_Work task_
Leave the pictures out, and print everything else in the records exactly.

_Material shown_
━━━━━━━━

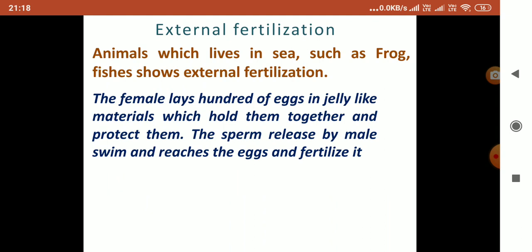Animals that live in water, such as frogs and fishes, show external fertilization. The female lays hundreds of eggs in a jelly-like material which holds them together and protects them. The sperm released by the male organism will swim and reach the egg, and the egg and sperm both fuse with each other, fertilize, and a zygote is produced.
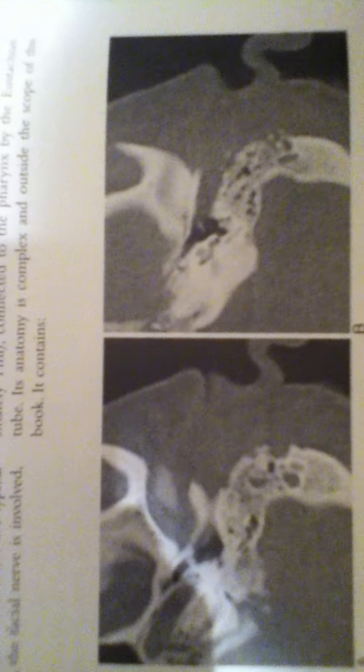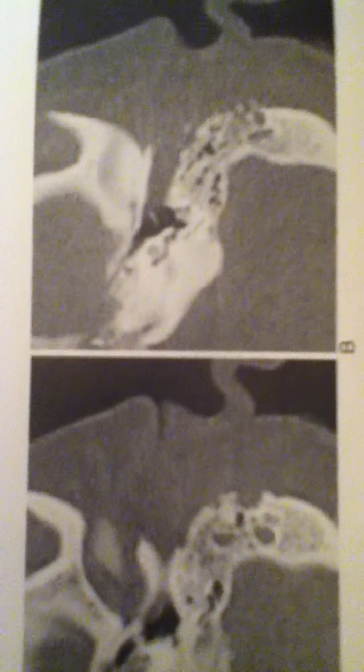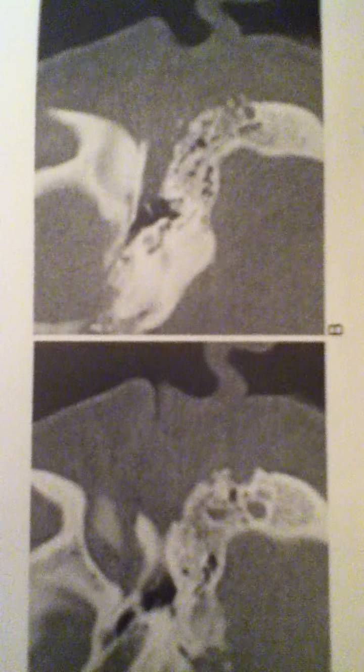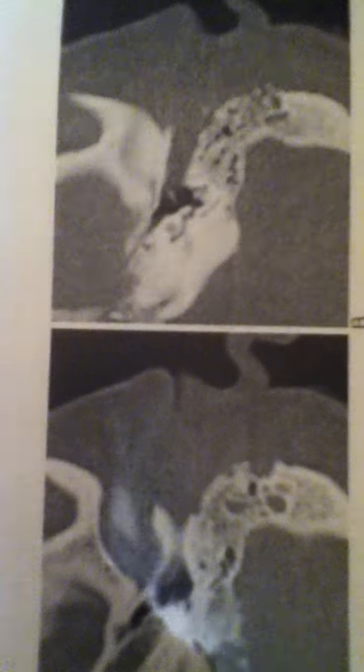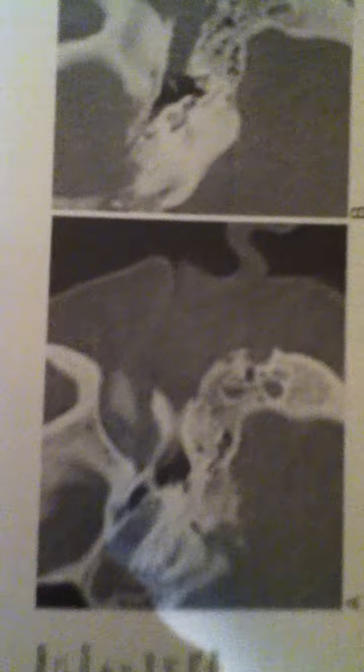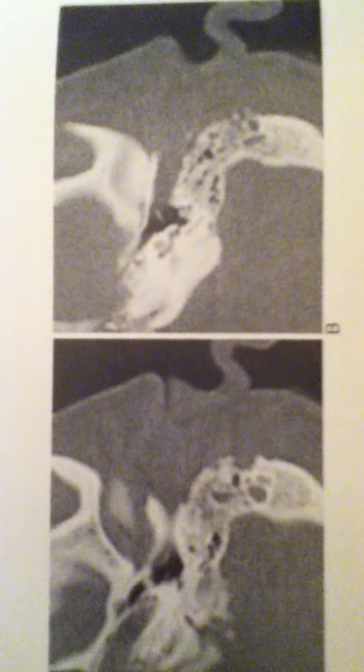This condition, malignant external otitis, is seen in elderly diabetics. It is essentially an osteomyelitis of the lateral part of the petrotemporal bone and is caused by Pseudomonas. It can cause facial nerve palsy and, if untreated, can lead to death. It has a high mortality rate in this group, so it should be diagnosed correctly so that proper treatment can be initiated as soon as possible.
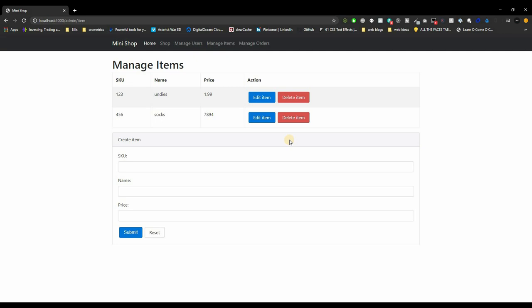That's the end of the video. Quick recap: we included Mongoose, connected to our MongoDB database, created a schema and model for items, and implemented all the service functions for our item management system — getAll, getOne, create, update, and remove. I'd highly recommend reading through the code now to practice before the project gets bigger. Thanks, bye!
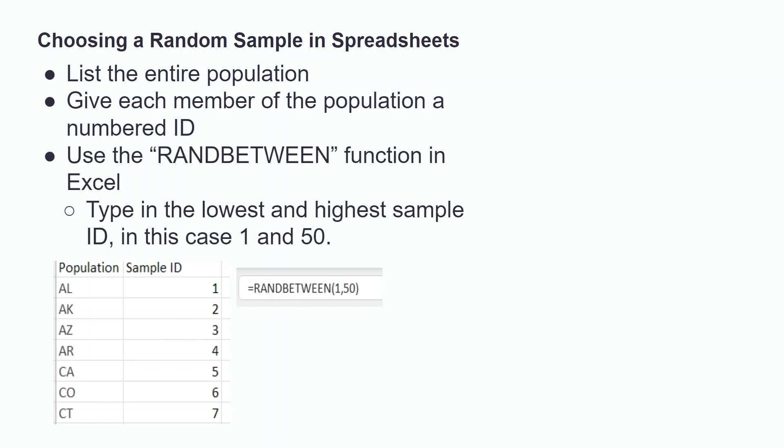We use the Excel function equals randBetween. We then tell Excel that our random sample must be between 1 and 50 by typing a 1, a comma, and a 50 after the first parenthesis in the formula. Then we close the parenthesis and hit enter. Although everyone's results will likely be different, my random number generator returned 6, meaning Colorado was the state selected.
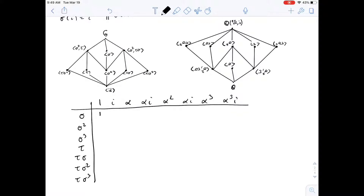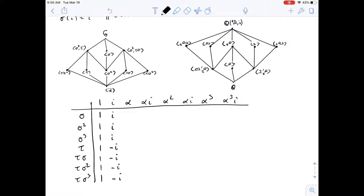All Galois automorphisms fix 1 since it's rational, so I can fill that in easily. σ sends i to i, so i is fixed, and all powers of σ will send i to i. τ sends i to -i, so τ and all τσⁿ send i to -i. σ sends α to αi, so I put that in the table. Being a morphism, once I know where σ sends i and α, I can determine everything else.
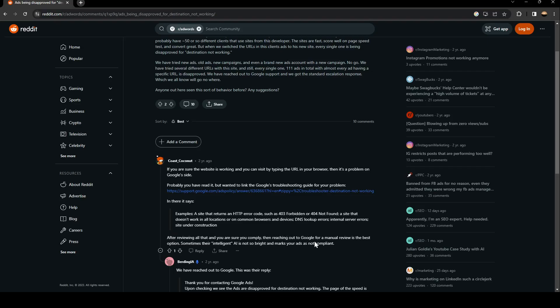...then reaching out to Google for a manual review is the best option. Sometimes their AI is not so bright and marks your ads as not compliant. That's it for today's video — thank you guys for watching, see you in the next video.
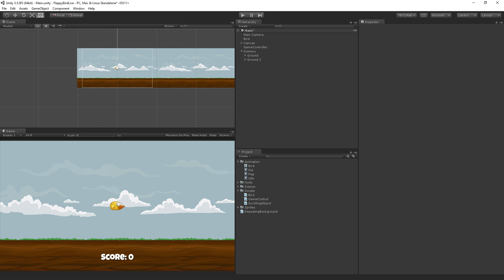The next thing that we're going to do back in the Unity editor is we are going to set up our columns, which are going to be our obstacles for our bird.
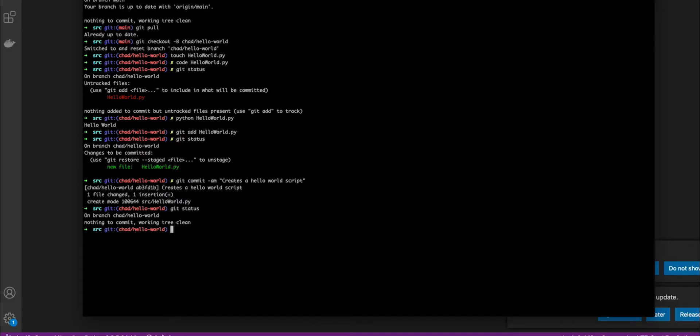So by pushing this to the remote, we can create a pull request where others are going to be able to see the changes that we made and approve them.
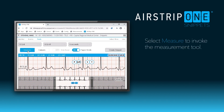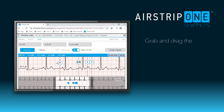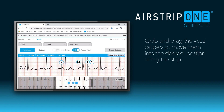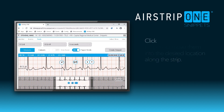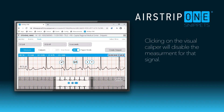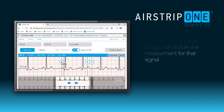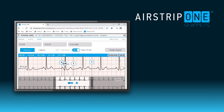Select Measure to reveal the digital calipers. You can move the calipers by dragging them horizontally. If the patient doesn't happen to have a P-wave, you can click the caliper to disable the measurement for that signal. Place all of the calipers in the proper position. You can see the measurements updating as you place the calipers.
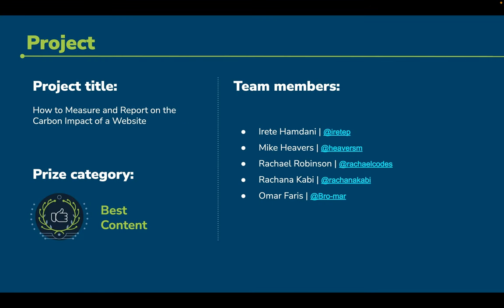Hi, we're Team Websprouts, and by creating the guide that we wish we'd had when we first started using the impact framework, we believe we will empower other web developers to use the impact framework to measure and report on the carbon impact of their website.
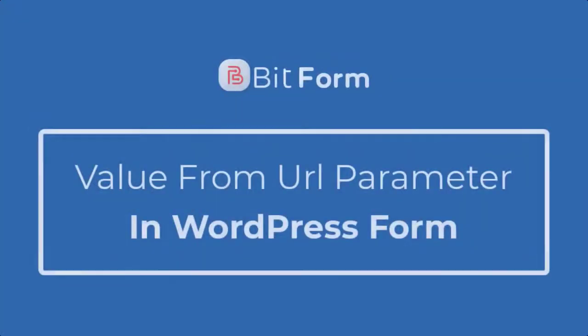In this video, we will demonstrate how you can set value in fields from the URL parameter.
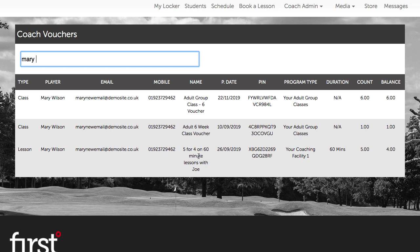We can see here the name of the lesson voucher and, importantly, the program type it applies to. We can also see that it applies to a duration of 60 minutes. Therefore, when applying one of these vouchers to a lesson in the schedule, we'll only be able to apply it to a lesson with Coach Joe Bloggs, the program type Your Coaching Facility, and a duration of 60 minutes.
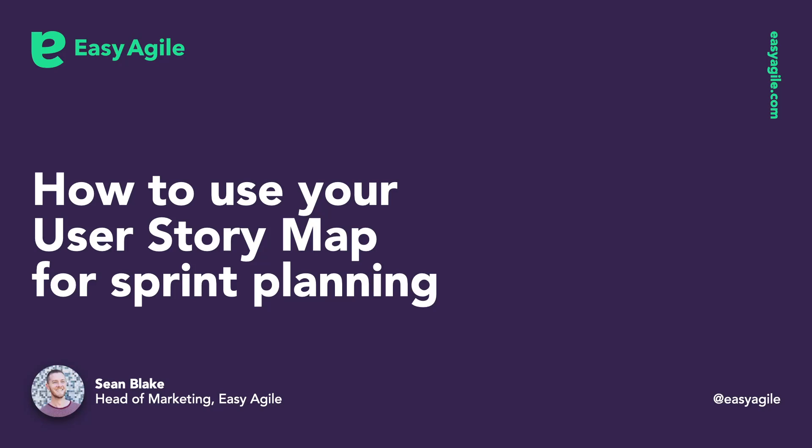Hi, I'm Sean from Easy Agile. In this video we'll look at how you can use Easy Agile Story Maps to create sprints, manage your team's releases and hold retrospectives.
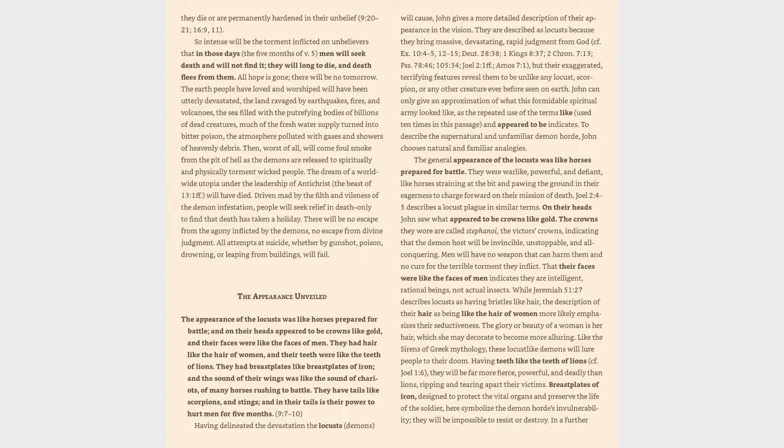On their heads John saw what appeared to be crowns like gold. The crowns they wore are called stephanoi, the victor's crowns, indicating that the demon host will be invincible, unstoppable, and all-conquering. Men will have no weapon that can harm them and no cure for the terrible torment they inflict. That their faces were like the faces of men indicates they are intelligent, rational beings, not actual insects.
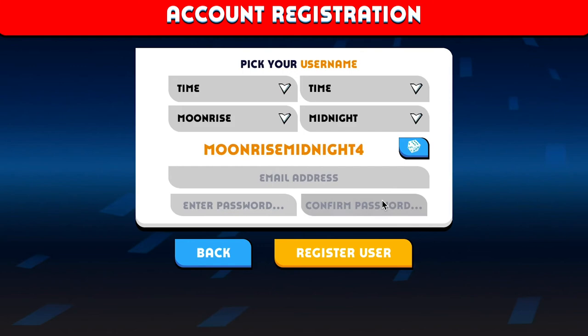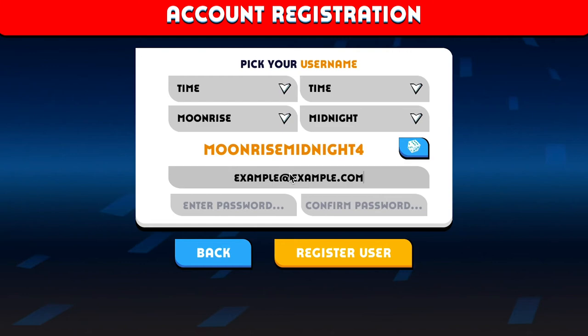Now you need to enter an email address. This email address is only used to retrieve your password — we don't use it for anything else or send you any other emails. It's fine to use your own email address, or you can use your parent's or teacher's email address if they say you can. It's just to retrieve your password.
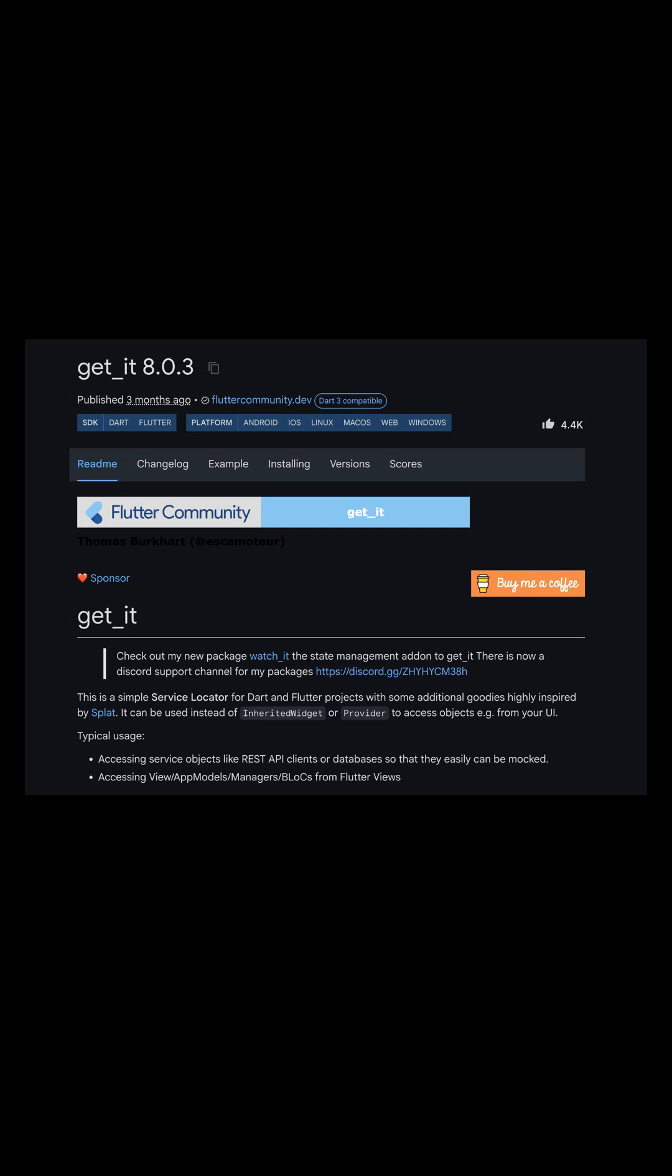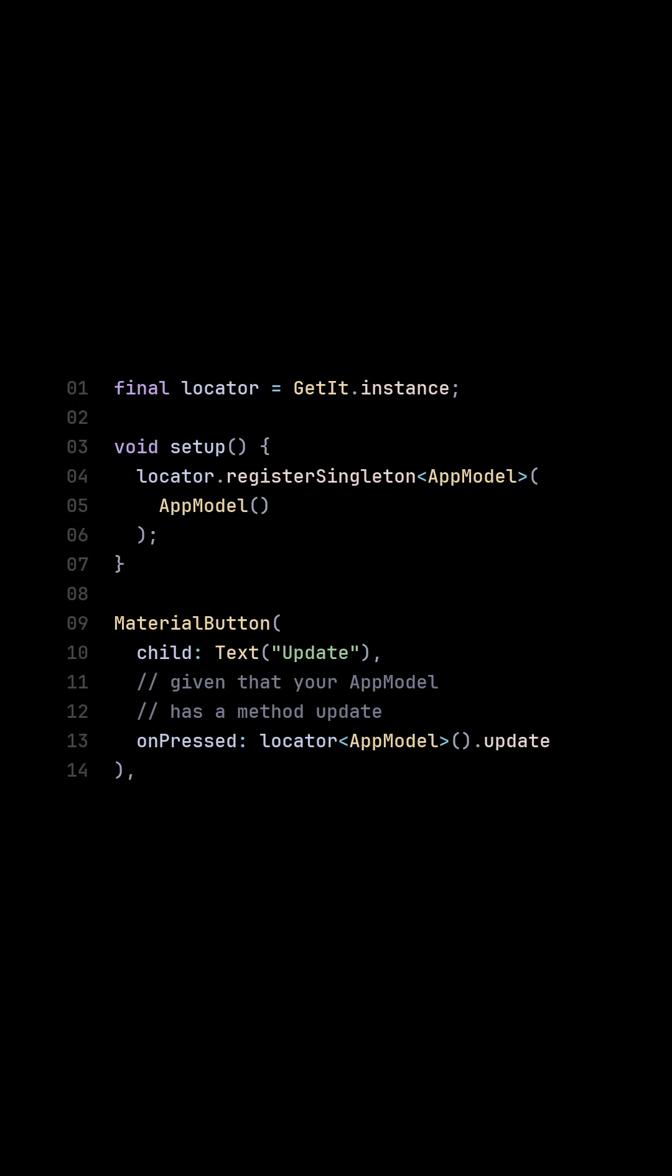Should you really use a package? Let's take a quick example on the get it package in Flutter. With a locator, you can instantiate a class and reference that specific instance wherever you need it.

━━━━━━━━

_Answer to this exercise_
Animals that live in water, such as frogs and fishes, show external fertilization. The female lays hundreds of eggs in a jelly-like material which holds them together and protects them. The sperm released by the male organism will swim and reach the egg, and the egg and sperm both fuse with each other, fertilize, and a zygote is produced.
This condition, malignant external otitis, is seen in elderly diabetics. It is essentially an osteomyelitis of the lateral part of the petrotemporal bone and is caused by Pseudomonas. It can cause facial nerve palsy and, if untreated, can lead to death. It has a high mortality rate in this group, so it should be diagnosed correctly so that proper treatment can be initiated as soon as possible.
That's the end of the video. Quick recap: we included Mongoose, connected to our MongoDB database, created a schema and model for items, and implemented all the service functions for our item management system — getAll, getOne, create, update, and remove. I'd highly recommend reading through the code now to practice before the project gets bigger. Thanks, bye!
We use the Excel function equals randBetween. We then tell Excel that our random sample must be between 1 and 50 by typing a 1, a comma, and a 50 after the first parenthesis in the formula. Then we close the parenthesis and hit enter. Although everyone's results will likely be different, my random number generator returned 6, meaning Colorado was the state selected.
All Galois automorphisms fix 1 since it's rational, so I can fill that in easily. σ sends i to i, so i is fixed, and all powers of σ will send i to i. τ sends i to -i, so τ and all τσⁿ send i to -i. σ sends α to αi, so I put that in the table. Being a morphism, once I know where σ sends i and α, I can determine everything else.
...then reaching out to Google for a manual review is the best option. Sometimes their AI is not so bright and marks your ads as not compliant. That's it for today's video — thank you guys for watching, see you in the next video.
The next thing that we're going to do back in the Unity editor is we are going to set up our columns, which are going to be our obstacles for our bird.
So by pushing this to the remote, we can create a pull request where others are going to be able to see the changes that we made and approve them.
Select Measure to reveal the digital calipers. You can move the calipers by dragging them horizontally. If the patient doesn't happen to have a P-wave, you can click the caliper to disable the measurement for that signal. Place all of the calipers in the proper position. You can see the measurements updating as you place the calipers.
Hi, we're Team Websprouts, and by creating the guide that we wish we'd had when we first started using the impact framework, we believe we will empower other web developers to use the impact framework to measure and report on the carbon impact of their website.
In this video, we will demonstrate how you can set value in fields from the URL parameter.
We can see here the name of the lesson voucher and, importantly, the program type it applies to. We can also see that it applies to a duration of 60 minutes. Therefore, when applying one of these vouchers to a lesson in the schedule, we'll only be able to apply it to a lesson with Coach Joe Bloggs, the program type Your Coaching Facility, and a duration of 60 minutes.
Hi, I'm Sean from Easy Agile. In this video we'll look at how you can use Easy Agile Story Maps to create sprints, manage your team's releases and hold retrospectives.
On their heads John saw what appeared to be crowns like gold. The crowns they wore are called stephanoi, the victor's crowns, indicating that the demon host will be invincible, unstoppable, and all-conquering. Men will have no weapon that can harm them and no cure for the terrible torment they inflict. That their faces were like the faces of men indicates they are intelligent, rational beings, not actual insects.
Now you need to enter an email address. This email address is only used to retrieve your password — we don't use it for anything else or send you any other emails. It's fine to use your own email address, or you can use your parent's or teacher's email address if they say you can. It's just to retrieve your password.
Should you really use a package? Let's take a quick example on the get it package in Flutter. With a locator, you can instantiate a class and reference that specific instance wherever you need it.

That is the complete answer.